Quella là è il titolo della nuova canzone della cantautrice Giua con la partecipazione delle Blue Dolls. Al culmine di un anno di impegni che l’hanno vista protagonista della scena teatrale ma anche del panorama musicale, Maria Pierantoni Giua ci regala un brano ironico dal sapore 60’s in cui ritrae la società contemporanea sempre pronta a puntare il dito contro chi non risponde a certe etichette prestabiliti.

Il senso di Quella là è abbastanza chiaro: tutto si evolve ma non la sottile arte del pettegolezzo che dai quartieri più popolari di una città qualsiasi vola fino agli scranni del Parlamento e anche oltre. Cultura e politica fanno sempre più fatica ad abbracciare quella moltitudine che è propria del genere umano proponendo un inscatolamento binario dal quale occorre decisamente uscire.

Ma chi è “quella là” della canzone? È sicuramente una donna libera che vive la sua vita a partire da se stessa e dai suoi rapporti. Una donna che poco si cura del vociare delle comari e dei compari di un paesino che, come De André ci insegna, non brillano certo di iniziativa e si limitano all’invettiva, al dito puntato e all’arte della denigrazione. Da dietro le loro finestre, da un microfono o dai cortili dei loro social, le comari e i compari giudicano le unicità e le mancate omologazioni, ergendosi a giudicanti del bene e del male.

La cantautrice Giua.
La cantautrice Giua.

Intervista esclusiva a Giua

Come nasce Quella là, la tua nuova canzone?

È una canzone che nasce circa un anno fa. Ero sul mio terrazzo a curare le mie piante e nel frattempo ascoltavo Morgana, storie libere, il podcast di Chiara Tagliaferri e Michela Murgia. Ero rapita dalla storia veramente potente di una delle donne. Mentre sentivo loro raccontare, m’è venuta una di quelle mie urgenze che ogni tanto mi portano a fermarmi per precipitarmi a scrivere ciò che mi sta balenando in testa in quel momento. In quei frangenti, non è che abbia chiaro cosa sia o cosa stia per succedere ma so che devo cogliere l’attimo.

Ed è così che ho scritto di getto la canzone, che in un primo momento avevo intitolato La femminista. È stata una folgorazione, in un’ora avevo composto musica e testo immaginando la conversazione tra le comari di un paesino che giudicavano quella là, la “diversa”, colei che ha una personalità che non risponde ai canoni prestabiliti o che si comporta in modo non reggimentabile.

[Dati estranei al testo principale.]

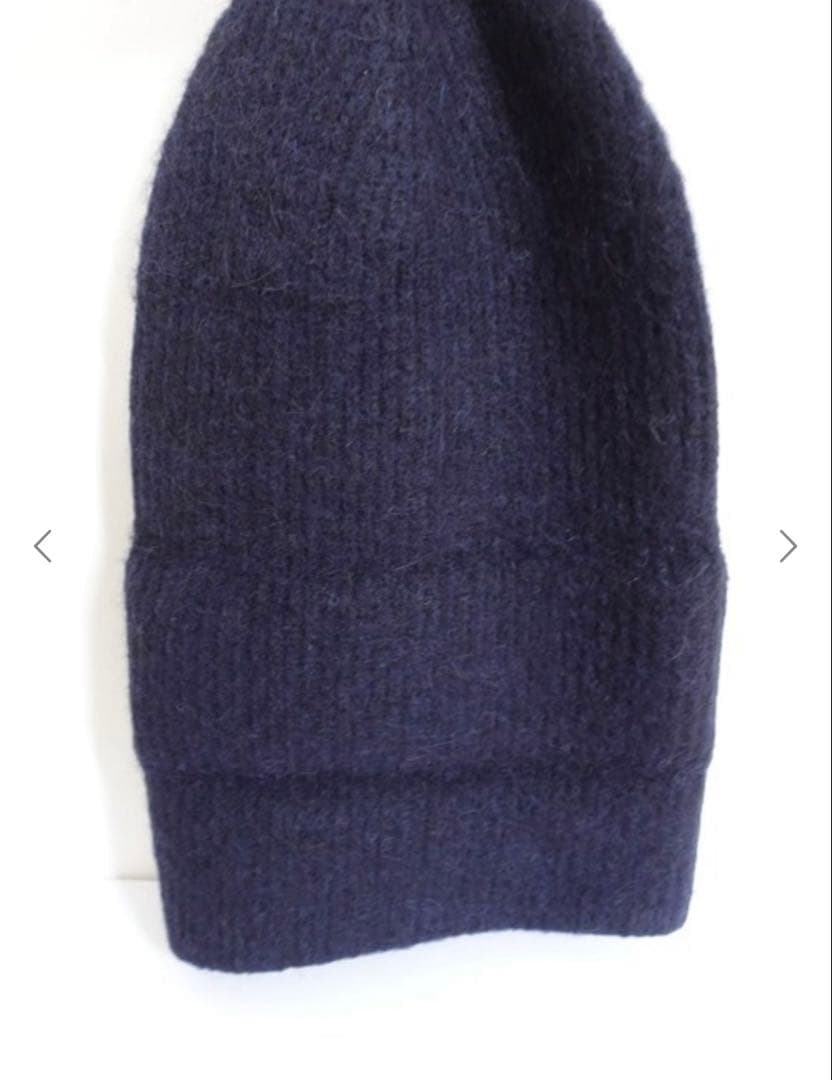 ARKET ウール アルパカ　ネイビー ニット帽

Reggimentabile, bel termine. Chi ha stabilito cosa lo sia e cosa no?

Evidentemente c’è qualcuno che pensa che regimentare i comportamenti sia possibile. Al di là della legge che stabilisce dei confini di diritto, che trovo sensati, tutto il resto non dovrebbe essere regolamentato. Chi è che si può permettere di decidere ad esempio se è giusto innamorarsi di chi si vuole o come vivere l’amore? È qualcosa che ha dell’incredibile, soprattutto negli ultimi tempi in cui si verificano episodi che trovo allucinanti oltre che gravi sia umanamente che giuridicamente, sintomo di una società brutta che non mi piace e non mi rappresenta. Ho come l’impressione che si viva in una società che, anche rispetto a certi diritti acquisiti, sta facendo dei notevoli passi indietro… diritti che la generazione prima della nostra ha lottato per ottenerli o per vederli avvalorati.

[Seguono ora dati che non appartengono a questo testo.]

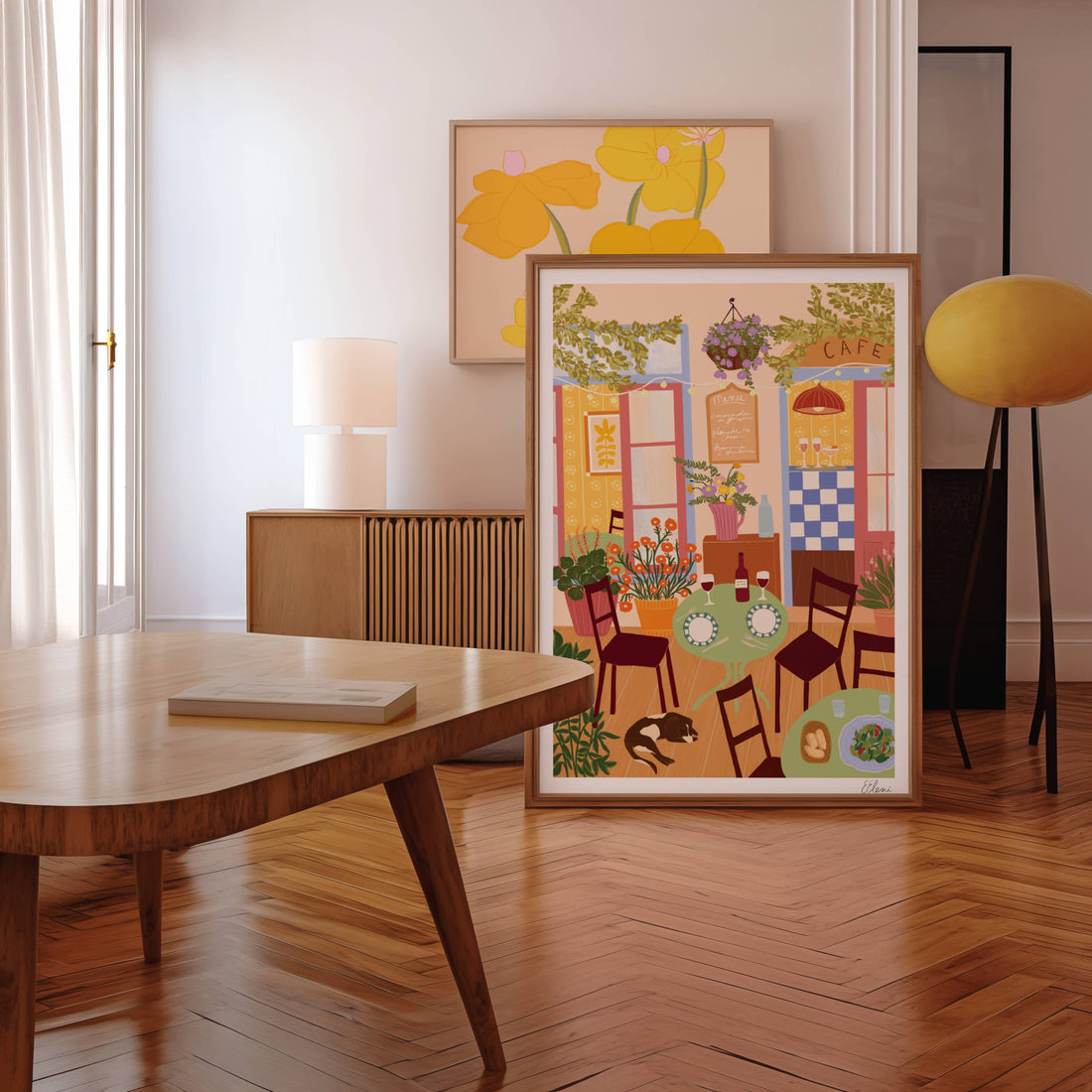 Sunshine Terrace Art Print | El Fresco Dining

Quella là è una canzone cheha un taglio molto ironico. Perché hai scelto l’ironia come chiave di lettura?

Da sempre, anche in politica, l’ironia permette di dire delle cose anche molto dure e molto ferme ma in una maniera che a prima vista sembra leggera. Ci si ritrova grazie all’ironia a sorridere di qualcosa che, al di là del giudizio immediato che uno può maturare, favorisce con l’ascolto la possibilità di accendere un pensiero che fino a quel momento non si aveva o non si era fatto. L’ironia permette quindi di far pensieri che diversamente non si farebbero.

Al brano partecipano le Blue Dolls. Com’è stato l’incontro?

Con Flavia Barbacetto siamo legate da un rapporto di amicizia da tantissimi anni: abbiamo co-diretto per tanti anni il Coro popolare della Maddalena a Genova. Quando si è trattato di scegliere chi potesse rappresentare il coro di voci di comari della canzone ho pensato subito a loro, un elegantissimo coro che ha già lavorato con Neri Marcorè e Drusilla Foer tra gli altri. Le Blue Dolls hanno quella dose di eleganza e di ironia che ben si mischiavano con le sonorità anni Sessanta della canzone.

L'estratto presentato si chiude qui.